Traditional Culture Encyclopedia - Traditional festivals - The Importance of Vernacular China

The Importance of Vernacular China

The important significance of vernacular China is as follows:

Vernacular China is an important carrier of Chinese culture. Vernacular China contains rich traditional cultural elements, such as folklore, customs, traditional festivals and so on, which are an important part of Chinese culture.

The value and significance of Vernacular China lies in the fact that it can pass on and promote Chinese culture, and allow people to better understand and recognize their own cultural roots. The value of vernacular China is that it can be used as a cultural resource to provide cultural and intellectual support for the development of the country and society.

Introduction to Native China:

It is a sociological work created by contemporary sociologist Fei Xiaotong, first published in 1948. Native China is a study of rural China authored by Fei Xiaotong. The book consists of 14 essays dealing with various aspects of the humanistic environment, traditional social structure, distribution of power, moral system, law and ritual, and blood and geography of the rural society.

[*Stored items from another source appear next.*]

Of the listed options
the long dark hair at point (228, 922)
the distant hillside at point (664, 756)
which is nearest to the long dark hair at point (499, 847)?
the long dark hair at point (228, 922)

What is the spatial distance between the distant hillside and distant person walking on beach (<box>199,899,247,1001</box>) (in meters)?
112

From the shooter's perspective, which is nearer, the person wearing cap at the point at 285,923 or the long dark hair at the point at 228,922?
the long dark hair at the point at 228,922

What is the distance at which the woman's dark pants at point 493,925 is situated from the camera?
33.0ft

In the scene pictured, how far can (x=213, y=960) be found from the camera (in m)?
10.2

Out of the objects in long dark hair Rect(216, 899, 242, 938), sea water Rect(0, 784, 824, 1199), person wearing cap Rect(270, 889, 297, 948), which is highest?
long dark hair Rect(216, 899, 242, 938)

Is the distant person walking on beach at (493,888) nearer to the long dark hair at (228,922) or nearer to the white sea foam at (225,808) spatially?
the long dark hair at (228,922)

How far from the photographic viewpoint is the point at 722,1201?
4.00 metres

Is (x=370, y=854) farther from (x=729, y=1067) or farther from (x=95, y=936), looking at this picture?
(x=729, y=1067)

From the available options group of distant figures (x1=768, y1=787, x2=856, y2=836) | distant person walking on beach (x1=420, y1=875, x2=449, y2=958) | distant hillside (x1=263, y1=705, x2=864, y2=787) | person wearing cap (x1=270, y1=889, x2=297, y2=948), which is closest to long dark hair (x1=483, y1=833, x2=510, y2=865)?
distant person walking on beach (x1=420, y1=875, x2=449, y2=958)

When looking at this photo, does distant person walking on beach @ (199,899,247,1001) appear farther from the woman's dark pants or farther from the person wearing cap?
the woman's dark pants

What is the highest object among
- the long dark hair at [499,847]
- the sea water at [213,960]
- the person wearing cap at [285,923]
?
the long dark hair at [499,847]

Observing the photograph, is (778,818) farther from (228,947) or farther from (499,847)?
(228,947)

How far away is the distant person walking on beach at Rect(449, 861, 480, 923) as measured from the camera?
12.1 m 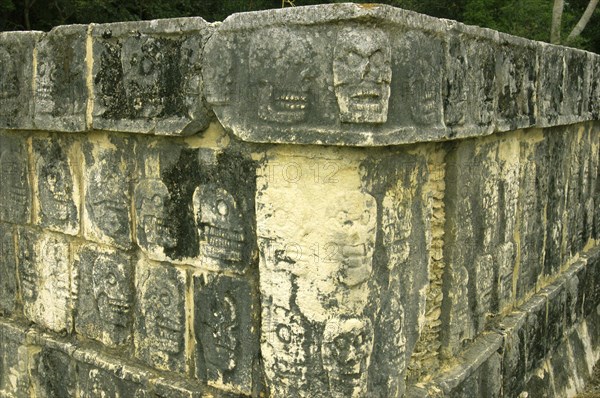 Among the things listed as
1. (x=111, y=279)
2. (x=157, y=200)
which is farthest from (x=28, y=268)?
(x=157, y=200)

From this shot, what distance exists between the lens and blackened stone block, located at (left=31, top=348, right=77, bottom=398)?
3.32 m

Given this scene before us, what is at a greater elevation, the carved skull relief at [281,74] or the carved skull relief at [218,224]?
the carved skull relief at [281,74]

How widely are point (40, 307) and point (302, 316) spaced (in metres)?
1.78

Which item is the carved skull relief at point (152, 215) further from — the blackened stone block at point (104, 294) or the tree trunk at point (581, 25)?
the tree trunk at point (581, 25)

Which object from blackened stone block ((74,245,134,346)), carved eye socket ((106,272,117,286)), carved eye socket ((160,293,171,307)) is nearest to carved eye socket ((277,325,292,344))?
carved eye socket ((160,293,171,307))

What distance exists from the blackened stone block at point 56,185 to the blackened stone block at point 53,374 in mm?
654

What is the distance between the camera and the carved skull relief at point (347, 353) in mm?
2379

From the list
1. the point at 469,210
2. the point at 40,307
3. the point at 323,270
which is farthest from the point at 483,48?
the point at 40,307

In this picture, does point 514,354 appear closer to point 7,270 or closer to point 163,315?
point 163,315

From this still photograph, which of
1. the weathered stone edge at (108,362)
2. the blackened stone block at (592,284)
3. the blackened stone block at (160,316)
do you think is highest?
the blackened stone block at (160,316)

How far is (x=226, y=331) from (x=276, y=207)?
60 cm

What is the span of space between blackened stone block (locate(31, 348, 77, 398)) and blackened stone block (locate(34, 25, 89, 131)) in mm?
1169

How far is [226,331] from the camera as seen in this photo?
2.70 meters

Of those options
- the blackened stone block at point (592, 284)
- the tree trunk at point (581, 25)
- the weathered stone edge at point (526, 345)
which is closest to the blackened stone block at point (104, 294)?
the weathered stone edge at point (526, 345) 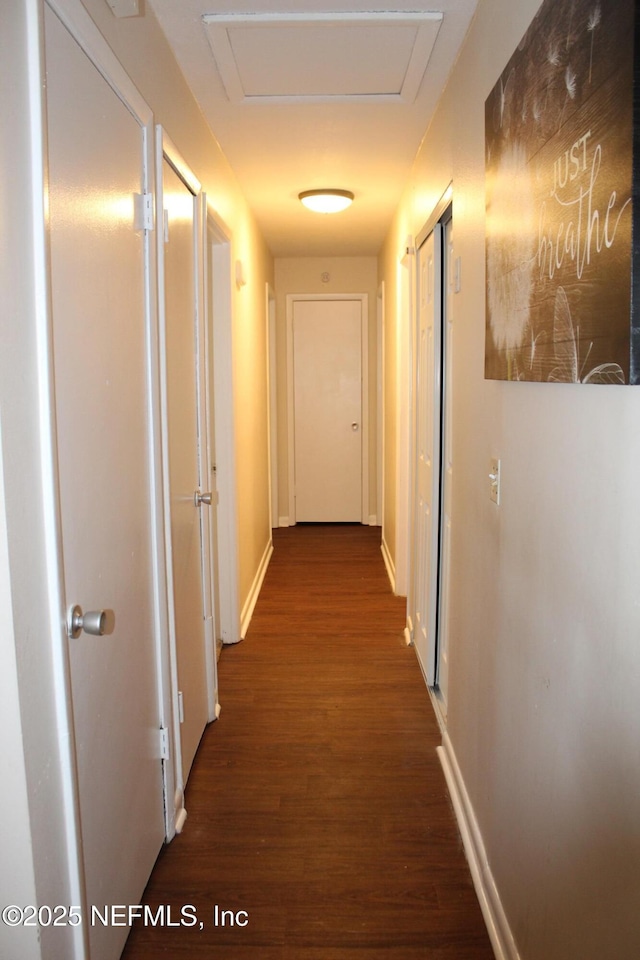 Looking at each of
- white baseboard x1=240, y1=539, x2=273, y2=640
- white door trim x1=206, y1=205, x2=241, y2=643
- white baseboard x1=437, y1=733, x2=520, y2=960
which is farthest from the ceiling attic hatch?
white baseboard x1=240, y1=539, x2=273, y2=640

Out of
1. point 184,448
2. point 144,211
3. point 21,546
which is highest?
point 144,211

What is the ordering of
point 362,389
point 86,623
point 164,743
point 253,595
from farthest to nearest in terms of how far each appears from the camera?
point 362,389, point 253,595, point 164,743, point 86,623

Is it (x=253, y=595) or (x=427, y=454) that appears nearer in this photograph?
(x=427, y=454)

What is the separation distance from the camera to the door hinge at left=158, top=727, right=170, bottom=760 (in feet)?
6.61

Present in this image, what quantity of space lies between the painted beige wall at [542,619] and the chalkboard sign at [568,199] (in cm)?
8

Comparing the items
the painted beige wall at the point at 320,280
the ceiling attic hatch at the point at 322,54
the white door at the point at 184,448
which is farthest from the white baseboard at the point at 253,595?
the ceiling attic hatch at the point at 322,54

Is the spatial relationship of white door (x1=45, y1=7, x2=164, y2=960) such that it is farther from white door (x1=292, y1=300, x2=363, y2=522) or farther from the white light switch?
white door (x1=292, y1=300, x2=363, y2=522)

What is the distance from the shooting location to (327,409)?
654cm

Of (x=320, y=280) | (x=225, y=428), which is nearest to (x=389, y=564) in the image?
(x=225, y=428)

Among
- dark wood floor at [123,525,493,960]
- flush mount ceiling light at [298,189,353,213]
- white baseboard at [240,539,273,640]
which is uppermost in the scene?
flush mount ceiling light at [298,189,353,213]

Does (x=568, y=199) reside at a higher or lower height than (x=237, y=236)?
lower

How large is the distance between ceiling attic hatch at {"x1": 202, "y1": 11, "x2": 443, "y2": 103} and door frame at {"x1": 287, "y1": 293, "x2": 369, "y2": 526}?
3683 millimetres

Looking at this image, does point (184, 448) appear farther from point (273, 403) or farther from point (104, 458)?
point (273, 403)

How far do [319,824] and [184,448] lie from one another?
1.27m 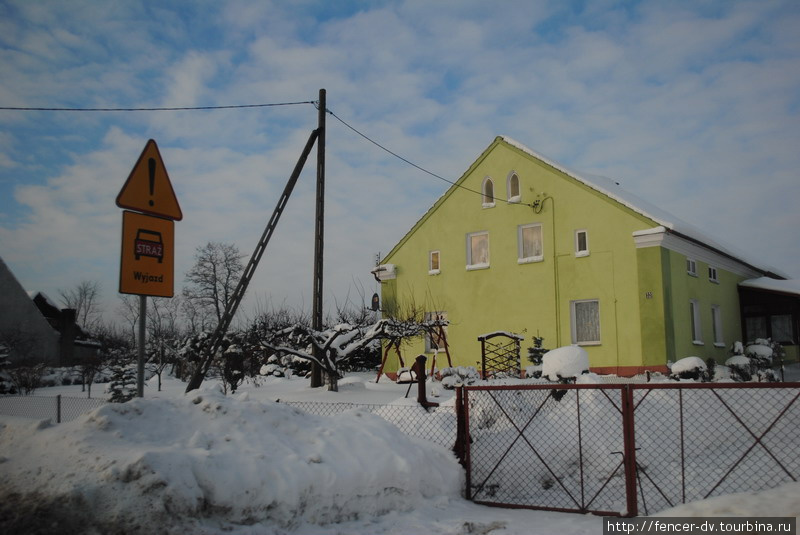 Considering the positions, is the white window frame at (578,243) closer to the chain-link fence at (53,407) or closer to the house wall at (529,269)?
the house wall at (529,269)

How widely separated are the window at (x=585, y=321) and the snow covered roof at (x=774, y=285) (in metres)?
7.85

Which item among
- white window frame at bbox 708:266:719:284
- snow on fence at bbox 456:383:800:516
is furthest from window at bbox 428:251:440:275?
snow on fence at bbox 456:383:800:516

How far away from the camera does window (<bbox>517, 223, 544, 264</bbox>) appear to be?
20.0 metres

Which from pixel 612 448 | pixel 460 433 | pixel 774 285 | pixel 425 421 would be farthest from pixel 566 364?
pixel 774 285

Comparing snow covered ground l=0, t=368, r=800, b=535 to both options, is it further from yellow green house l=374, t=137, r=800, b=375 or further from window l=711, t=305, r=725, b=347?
window l=711, t=305, r=725, b=347

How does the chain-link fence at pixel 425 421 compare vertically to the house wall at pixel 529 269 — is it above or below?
below

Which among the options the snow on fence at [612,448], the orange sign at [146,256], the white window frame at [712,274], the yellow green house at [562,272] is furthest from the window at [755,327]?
the orange sign at [146,256]

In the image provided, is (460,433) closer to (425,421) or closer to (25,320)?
(425,421)

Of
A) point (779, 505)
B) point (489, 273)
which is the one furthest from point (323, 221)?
point (779, 505)

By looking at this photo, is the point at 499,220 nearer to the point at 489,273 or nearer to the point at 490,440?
the point at 489,273

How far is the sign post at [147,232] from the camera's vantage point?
5.32 meters

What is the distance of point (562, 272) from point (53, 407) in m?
14.0

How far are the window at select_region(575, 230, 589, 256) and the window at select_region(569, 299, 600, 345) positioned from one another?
1.48 metres

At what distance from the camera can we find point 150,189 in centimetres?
558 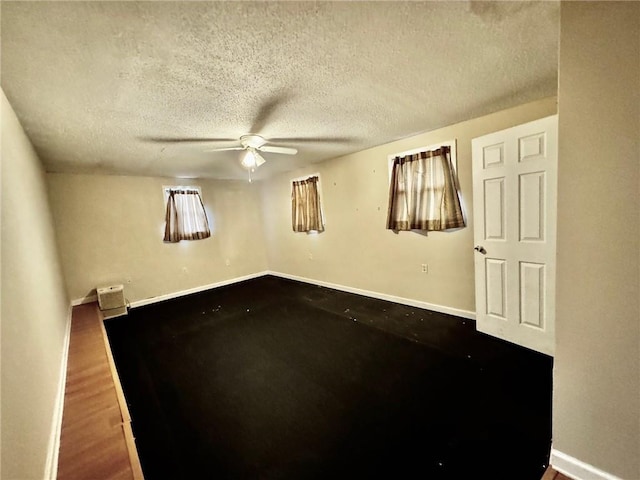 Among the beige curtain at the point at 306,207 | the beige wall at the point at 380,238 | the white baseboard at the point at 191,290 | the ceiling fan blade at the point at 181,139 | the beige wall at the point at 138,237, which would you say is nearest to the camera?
the ceiling fan blade at the point at 181,139

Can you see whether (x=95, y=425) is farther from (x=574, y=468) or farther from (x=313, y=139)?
(x=313, y=139)

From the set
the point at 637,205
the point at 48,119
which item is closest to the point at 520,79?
the point at 637,205

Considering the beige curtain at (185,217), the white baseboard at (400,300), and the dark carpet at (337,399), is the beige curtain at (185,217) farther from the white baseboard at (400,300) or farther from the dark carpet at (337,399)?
the white baseboard at (400,300)

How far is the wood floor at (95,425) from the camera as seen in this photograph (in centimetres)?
127

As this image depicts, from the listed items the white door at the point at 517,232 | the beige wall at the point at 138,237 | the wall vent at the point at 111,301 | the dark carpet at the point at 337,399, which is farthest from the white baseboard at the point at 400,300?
the wall vent at the point at 111,301

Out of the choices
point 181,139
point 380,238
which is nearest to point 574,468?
point 380,238

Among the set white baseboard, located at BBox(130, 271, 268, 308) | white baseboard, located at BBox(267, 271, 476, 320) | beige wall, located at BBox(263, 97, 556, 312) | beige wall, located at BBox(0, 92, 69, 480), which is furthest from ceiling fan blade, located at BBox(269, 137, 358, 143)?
white baseboard, located at BBox(130, 271, 268, 308)

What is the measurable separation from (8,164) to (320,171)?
11.8 feet

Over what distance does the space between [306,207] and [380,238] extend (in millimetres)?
1637

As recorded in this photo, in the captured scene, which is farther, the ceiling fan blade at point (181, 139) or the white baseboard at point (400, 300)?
the white baseboard at point (400, 300)

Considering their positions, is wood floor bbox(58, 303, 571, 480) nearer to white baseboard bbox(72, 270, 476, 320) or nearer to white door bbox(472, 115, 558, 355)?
white door bbox(472, 115, 558, 355)

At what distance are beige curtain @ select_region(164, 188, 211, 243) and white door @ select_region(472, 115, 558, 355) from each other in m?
4.64

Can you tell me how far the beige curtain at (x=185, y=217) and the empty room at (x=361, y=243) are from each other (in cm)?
89

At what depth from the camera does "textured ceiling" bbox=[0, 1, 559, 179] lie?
118cm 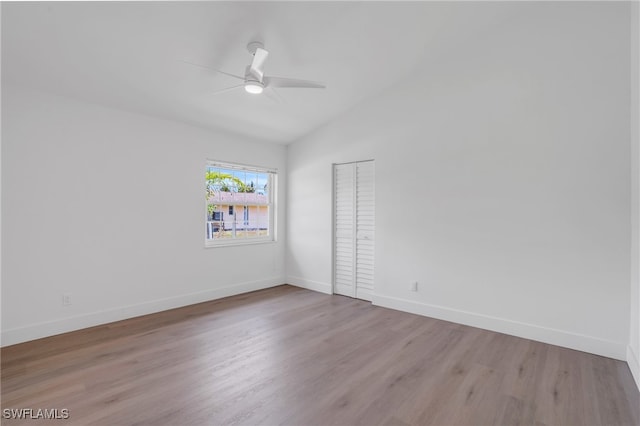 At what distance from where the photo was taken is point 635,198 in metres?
2.71

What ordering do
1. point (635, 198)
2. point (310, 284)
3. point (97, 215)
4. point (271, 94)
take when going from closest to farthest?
1. point (635, 198)
2. point (97, 215)
3. point (271, 94)
4. point (310, 284)

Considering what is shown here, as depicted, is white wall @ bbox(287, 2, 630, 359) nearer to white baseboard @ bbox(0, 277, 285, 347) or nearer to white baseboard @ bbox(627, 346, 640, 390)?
white baseboard @ bbox(627, 346, 640, 390)

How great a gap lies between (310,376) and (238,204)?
10.7 feet

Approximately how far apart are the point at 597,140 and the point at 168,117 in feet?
15.7

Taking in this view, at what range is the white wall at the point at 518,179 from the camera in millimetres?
2941

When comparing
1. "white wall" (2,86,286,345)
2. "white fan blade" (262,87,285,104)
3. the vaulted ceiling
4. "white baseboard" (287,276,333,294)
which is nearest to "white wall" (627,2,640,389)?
the vaulted ceiling

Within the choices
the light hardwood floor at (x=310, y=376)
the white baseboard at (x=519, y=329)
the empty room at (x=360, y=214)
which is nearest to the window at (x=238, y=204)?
the empty room at (x=360, y=214)

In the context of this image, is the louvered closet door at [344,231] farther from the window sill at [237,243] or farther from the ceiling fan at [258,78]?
the ceiling fan at [258,78]

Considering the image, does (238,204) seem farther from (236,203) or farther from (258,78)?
(258,78)

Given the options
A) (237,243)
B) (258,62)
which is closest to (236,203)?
(237,243)

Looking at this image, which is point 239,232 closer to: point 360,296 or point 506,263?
point 360,296

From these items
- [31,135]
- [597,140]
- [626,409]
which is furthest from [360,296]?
[31,135]

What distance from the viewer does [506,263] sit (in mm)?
3459

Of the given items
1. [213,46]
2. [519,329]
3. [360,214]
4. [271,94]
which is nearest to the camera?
[213,46] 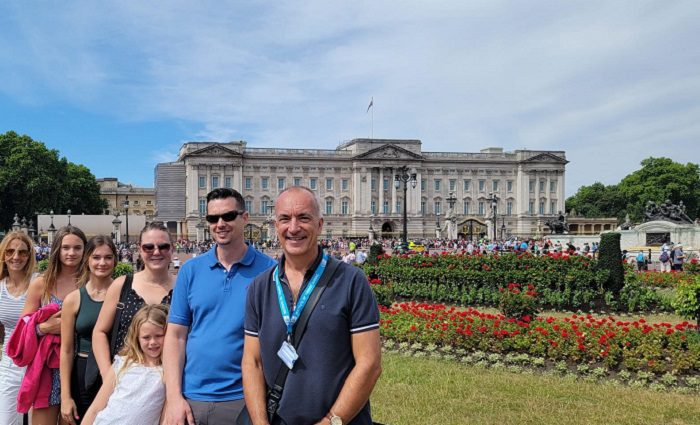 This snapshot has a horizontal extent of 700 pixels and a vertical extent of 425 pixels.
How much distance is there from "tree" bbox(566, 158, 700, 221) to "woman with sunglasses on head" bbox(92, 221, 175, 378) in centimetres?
7894

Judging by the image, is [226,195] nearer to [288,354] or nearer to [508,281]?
[288,354]

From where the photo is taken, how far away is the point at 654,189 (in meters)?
76.5

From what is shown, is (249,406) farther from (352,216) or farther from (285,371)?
(352,216)

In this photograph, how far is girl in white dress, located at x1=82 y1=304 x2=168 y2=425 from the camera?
3387mm

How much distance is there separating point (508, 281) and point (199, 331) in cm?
1140

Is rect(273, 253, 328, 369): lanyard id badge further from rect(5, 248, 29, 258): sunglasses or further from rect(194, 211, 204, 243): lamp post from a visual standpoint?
rect(194, 211, 204, 243): lamp post

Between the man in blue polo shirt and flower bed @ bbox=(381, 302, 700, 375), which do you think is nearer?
the man in blue polo shirt

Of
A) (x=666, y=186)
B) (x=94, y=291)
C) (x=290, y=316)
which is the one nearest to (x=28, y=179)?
(x=94, y=291)

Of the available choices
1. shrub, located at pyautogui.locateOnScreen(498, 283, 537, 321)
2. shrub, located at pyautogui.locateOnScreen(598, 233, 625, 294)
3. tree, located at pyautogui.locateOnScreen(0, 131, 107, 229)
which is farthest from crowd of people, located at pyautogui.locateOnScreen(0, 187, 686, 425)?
tree, located at pyautogui.locateOnScreen(0, 131, 107, 229)

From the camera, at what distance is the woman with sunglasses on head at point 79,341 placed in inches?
155

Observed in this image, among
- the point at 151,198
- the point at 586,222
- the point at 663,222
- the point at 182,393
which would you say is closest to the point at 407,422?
the point at 182,393

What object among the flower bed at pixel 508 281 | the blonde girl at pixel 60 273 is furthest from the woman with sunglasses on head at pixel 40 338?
the flower bed at pixel 508 281

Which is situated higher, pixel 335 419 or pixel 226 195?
pixel 226 195

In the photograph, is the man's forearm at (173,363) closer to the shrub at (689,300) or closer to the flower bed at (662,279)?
the shrub at (689,300) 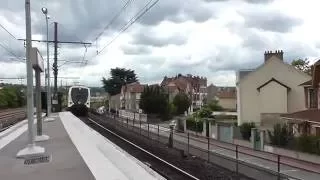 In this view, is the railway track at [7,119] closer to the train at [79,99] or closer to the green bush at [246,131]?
the train at [79,99]

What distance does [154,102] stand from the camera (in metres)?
82.3

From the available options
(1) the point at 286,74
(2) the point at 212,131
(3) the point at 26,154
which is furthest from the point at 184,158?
(1) the point at 286,74

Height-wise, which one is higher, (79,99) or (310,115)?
(79,99)

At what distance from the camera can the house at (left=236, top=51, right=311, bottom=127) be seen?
168 feet

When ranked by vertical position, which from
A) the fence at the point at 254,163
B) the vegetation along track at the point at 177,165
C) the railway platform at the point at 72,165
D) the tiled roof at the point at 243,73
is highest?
the tiled roof at the point at 243,73

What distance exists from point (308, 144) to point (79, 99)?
3180 cm

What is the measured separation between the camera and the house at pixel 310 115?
35.3m

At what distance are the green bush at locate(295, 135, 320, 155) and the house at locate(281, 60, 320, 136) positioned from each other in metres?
2.65

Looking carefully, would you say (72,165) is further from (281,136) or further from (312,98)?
(312,98)

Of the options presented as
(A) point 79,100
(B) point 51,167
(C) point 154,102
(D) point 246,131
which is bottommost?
(D) point 246,131

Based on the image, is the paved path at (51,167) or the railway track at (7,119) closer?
the paved path at (51,167)

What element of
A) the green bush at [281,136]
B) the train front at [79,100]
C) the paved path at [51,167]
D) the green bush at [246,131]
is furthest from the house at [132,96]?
the paved path at [51,167]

In Vernacular China, the author outlines and analyzes the main features of China's grassroots society in layman's and concise language, presenting a comprehensive picture of China's grassroots society. The book mainly discusses the pattern of differential order, the difference between men and women, the family, blood and geography, etc. The book is fluent in language and easy to understand. Vernacular China is recognized by academics as one of the most important theoretical studies of traditional culture and social structure in Chinese vernacular society.

Background of Creation:

From the study of specific communities to an overall grasp of Chinese society as a whole is the goal Fei Xiaotong established with Ms. Wang Tonghui to understand Chinese society during his fieldwork on the Yao people in the Dayao Mountains. This booklet, Native China, is a collection of Fei's lectures on rural sociology, which he delivered to graduate students at Tsinghua University on his return from the Southwest Associated Universities.

In order to teach this course, he first used an American textbook as a reference book, but later, when he felt that the American textbook could not express his own wishes, he tried to use the materials of his own investigations in the villages of Yaoshan, Jiangcun, and Yunnan;

In the latter part of the war, he also dabbled with economic issues for a time, publishing current commentaries on the economy in the press, and in 1947 he decided to start from the social structure of the countryside, and wrote that it is necessary to understand rural social problems from the social structure.

In 1947, he decided to talk about the social problems of the countryside from the perspective of social structure, and he wrote that he would "start a new stove, or even leave aside the economic problems for the time being, and play exclusively from the social structure itself".